If she gets on your case for getting bored of hearing the same old stuff and tuning it out (emotionally at least, and I think that's the smartest thing to do), then share with her what your feelings are about hearing it over and over. Do not tell her she is "wrong" or that her feelings are invalid, but that you do not share her feelings about topic X, and that your feelings towards her are compromised by the constant negativity.
Anonymous
Anonymous wrote:Wasn't she like this before you got married?

+1

OP, you sound like a peach!
Anonymous
I wouldn't necessarily say this is a marriage deal-breaker OP, unless it is something that happens on a day to day basis and is making your life w/her almost unbearable.

It sounds like she needs to learn some better communication techniques.

I think she should speak to a counselor who can teach her this. Why not suggest this to her in a civil manner?
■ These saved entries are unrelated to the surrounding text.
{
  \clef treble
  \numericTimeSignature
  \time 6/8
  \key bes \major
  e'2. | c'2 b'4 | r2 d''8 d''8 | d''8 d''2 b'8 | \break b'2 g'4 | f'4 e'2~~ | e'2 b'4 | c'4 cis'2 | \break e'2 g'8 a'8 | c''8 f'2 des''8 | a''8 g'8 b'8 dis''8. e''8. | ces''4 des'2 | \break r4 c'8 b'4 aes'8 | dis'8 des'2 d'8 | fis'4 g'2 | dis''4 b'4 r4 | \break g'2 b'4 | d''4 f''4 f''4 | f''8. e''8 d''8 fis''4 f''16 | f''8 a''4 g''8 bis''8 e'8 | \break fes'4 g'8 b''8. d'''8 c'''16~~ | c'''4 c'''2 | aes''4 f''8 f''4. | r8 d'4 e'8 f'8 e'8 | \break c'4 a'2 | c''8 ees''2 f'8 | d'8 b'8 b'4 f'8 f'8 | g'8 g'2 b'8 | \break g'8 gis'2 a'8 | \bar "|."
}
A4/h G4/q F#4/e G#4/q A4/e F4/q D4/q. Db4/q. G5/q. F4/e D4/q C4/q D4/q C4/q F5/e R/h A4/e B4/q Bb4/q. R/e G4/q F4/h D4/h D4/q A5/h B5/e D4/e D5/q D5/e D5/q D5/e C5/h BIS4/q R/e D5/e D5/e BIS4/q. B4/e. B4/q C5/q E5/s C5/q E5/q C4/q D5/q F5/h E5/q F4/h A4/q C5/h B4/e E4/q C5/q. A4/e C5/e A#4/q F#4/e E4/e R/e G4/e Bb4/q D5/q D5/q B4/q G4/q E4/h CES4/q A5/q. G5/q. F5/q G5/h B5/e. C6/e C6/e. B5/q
Try to approach her about it in a non-accusing way, letting her know that her negativity is not doing her or anyone around her any good at all. Encourage her to be more positive about herself + other people and to try to not put others down so much.

Hopefully she will see that by changing her though process and communication techniques, she can have better relationships w/both her spouse and her friends/family.
Anonymous
*thought
Anonymous
I think we need more information. I talk to my husband a lot but he also contributes. To get a bigger picture - you just sit there and listen to her talk? Is she going through anything particular where she is going to you for support or she this is just part of her personality?
Anonymous
The flip side of this is a DH who never wants to hear anyhin negative from his wife and thinks she is always wrong. She is hurt that a friend or coworker did X and wants to vent. His solution is to half-listen for a while as she repeata herself trying to get him to hear her and then when he does finally acknowledge the conversation it is to say, "Sounds like friend is right and you need to get over it."